[Data supplied]:
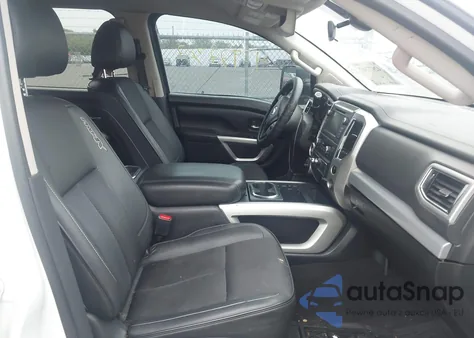 2019 Nissan Titan Pro-4X из США, поврежденный, VIN 1N6AA1E57KN504186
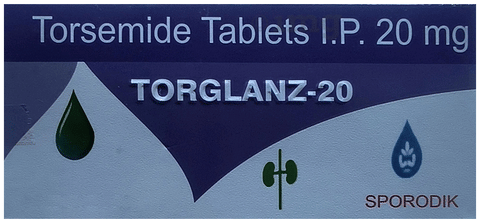 Torglanz 20 Tablet image Torglanz 20 Tablet image
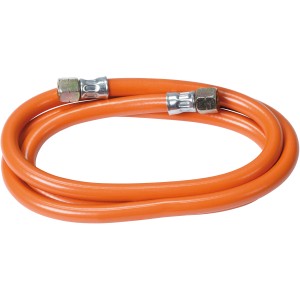 Rothenberger Niederdruck-Schlauchleitung, 1500 mm, orange, für Schweißgeräte.
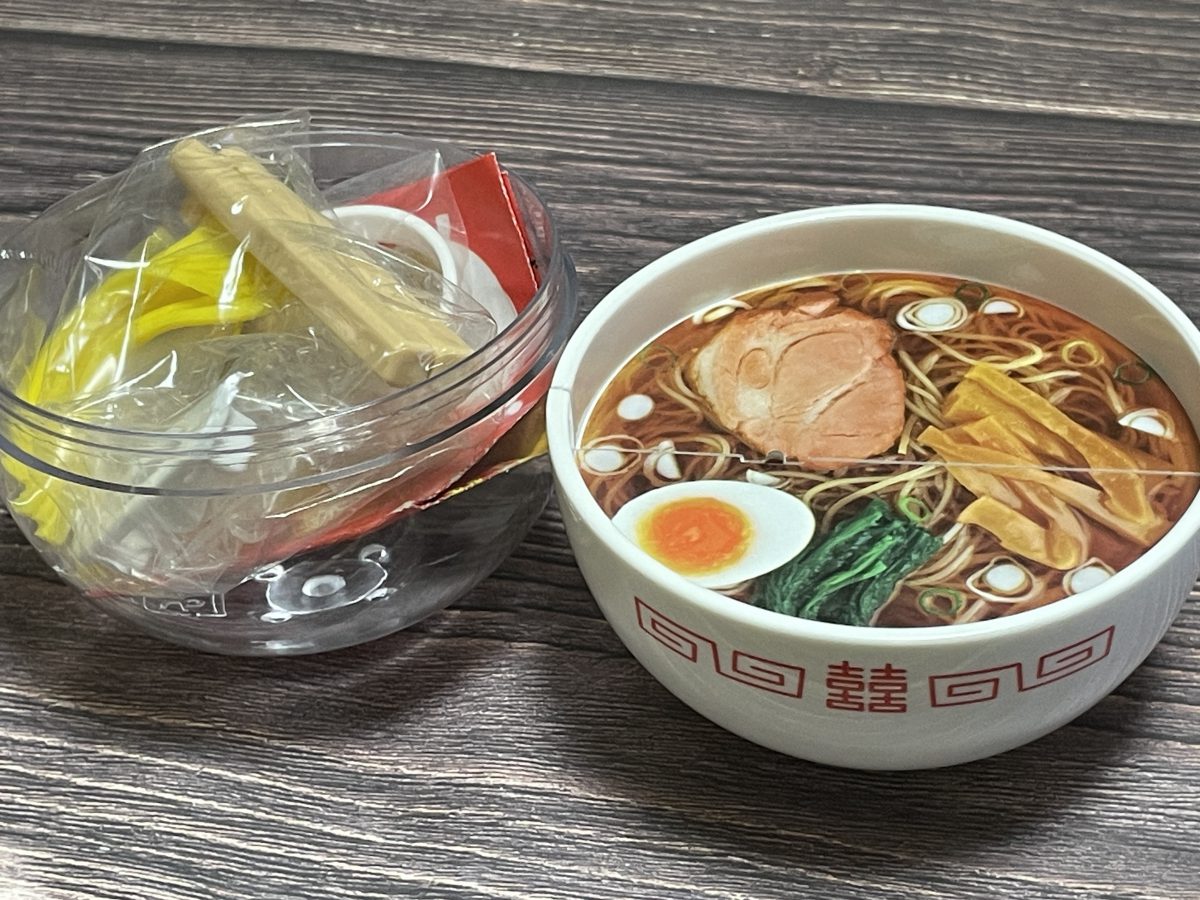 ラーメンディスプレイ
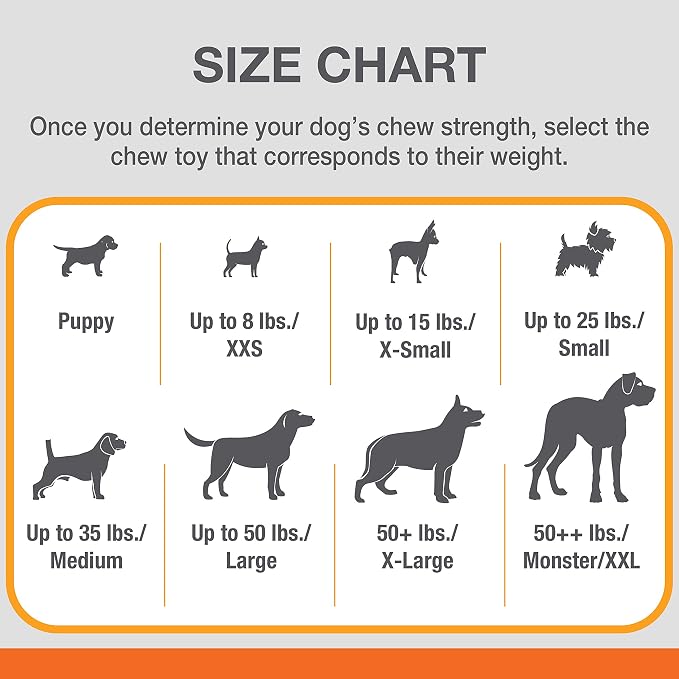 Nylabone Original Bone Flexi Chew Toy - Image 5
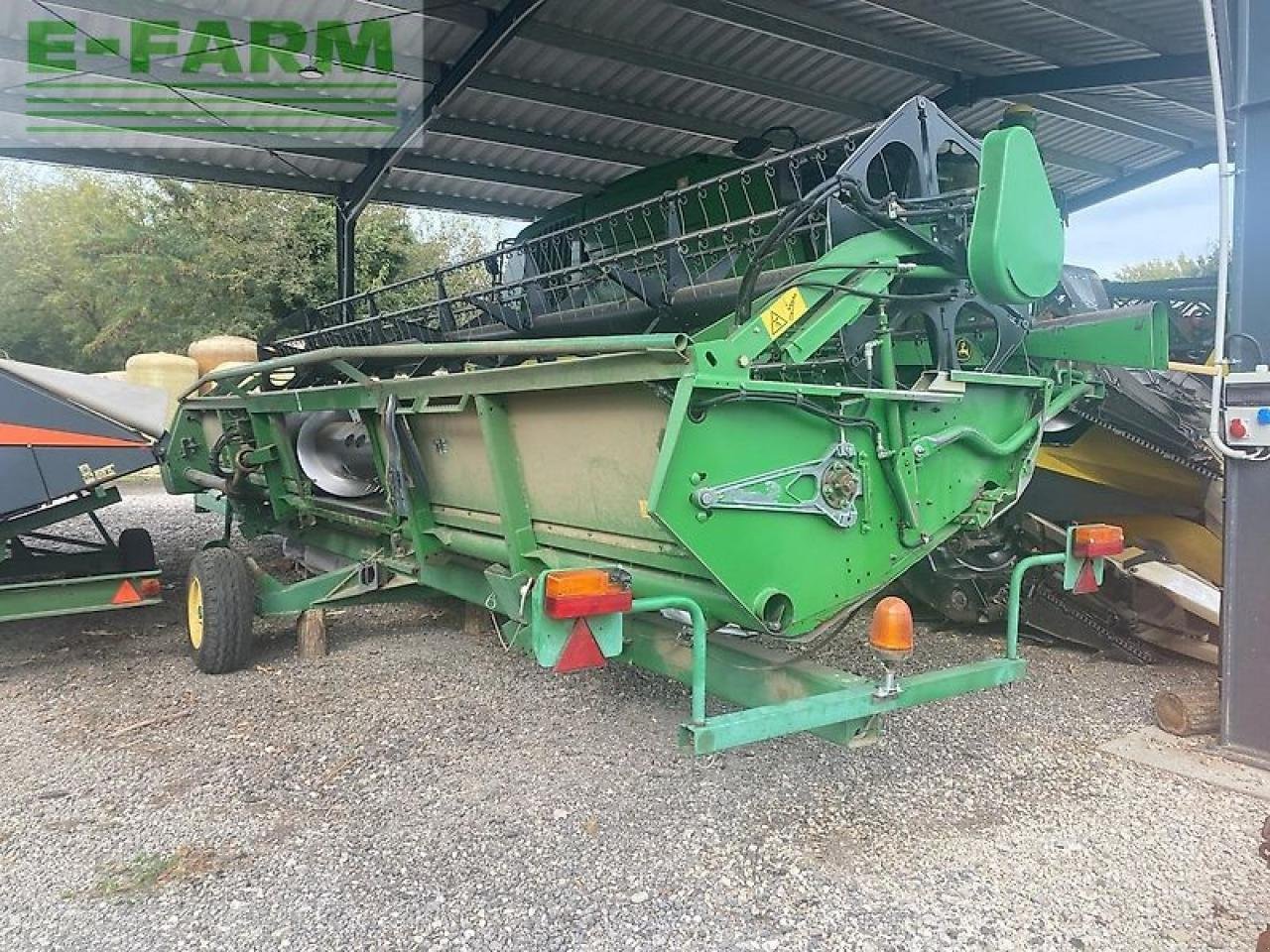 Sonstiges Mähdrescherzubehör типа John Deere 625r + zürn rape extension + zürn trolley, Gebrauchtmaschine в SZEGED (Фотография 5)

[Exercise description]: Transcribe the records above exactly, leaving every picture out of the copy.

[Completed exercise]:
 2019 Nissan Titan Pro-4X из США, поврежденный, VIN 1N6AA1E57KN504186
 Torglanz 20 Tablet image Torglanz 20 Tablet image
 Rothenberger Niederdruck-Schlauchleitung, 1500 mm, orange, für Schweißgeräte.
 ラーメンディスプレイ
 Nylabone Original Bone Flexi Chew Toy - Image 5
 Sonstiges Mähdrescherzubehör типа John Deere 625r + zürn rape extension + zürn trolley, Gebrauchtmaschine в SZEGED (Фотография 5)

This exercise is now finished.